How to complete this task :: Your output should be everything below from the line containing "sport logo design" down to the line containing "Icôn Dame Basic", both ends included, copied exactly, with pictures left out.

Data for the task ::
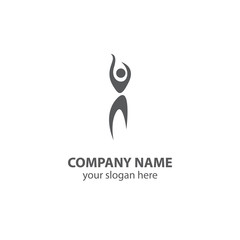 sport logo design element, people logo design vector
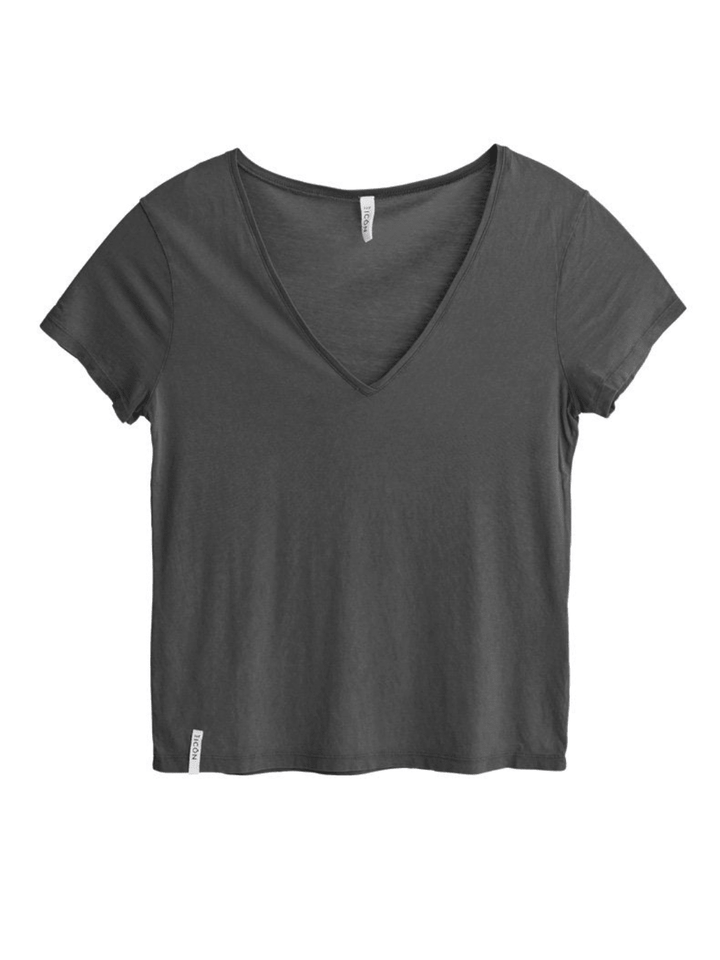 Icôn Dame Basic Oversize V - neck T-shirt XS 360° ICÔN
---
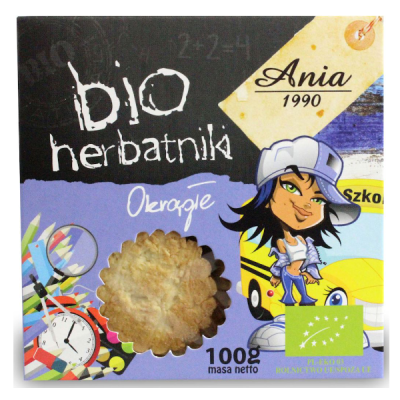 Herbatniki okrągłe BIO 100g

Answer section ::
 sport logo design element, people logo design vector
 Icôn Dame Basic Oversize V - neck T-shirt XS 360° ICÔN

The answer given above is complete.